[Opening RECORDED INFORMATION section]

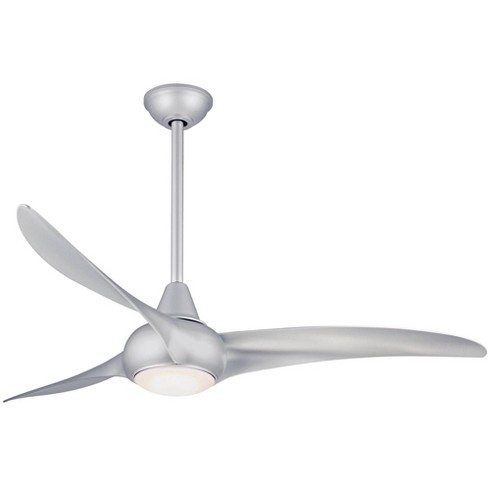 Cottage LED Ceiling Fan with Light 3 Blades Ceiling Fan with Remote Control 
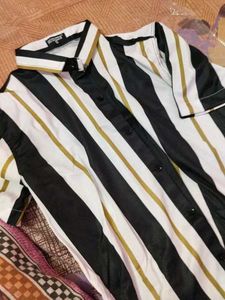 Striped Casual Shirt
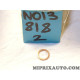 Joint durite tuyau Volkswagen Audi Seat Skoda original OEM N0138182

[Closing RECORDED INFORMATION section]

- [ASSIGNMENT]
Write out the whole listing above exactly, minus images.

- [EXERCISE OUTPUT]
 Cottage LED Ceiling Fan with Light 3 Blades Ceiling Fan with Remote Control 
 Striped Casual Shirt
 Joint durite tuyau Volkswagen Audi Seat Skoda original OEM N0138182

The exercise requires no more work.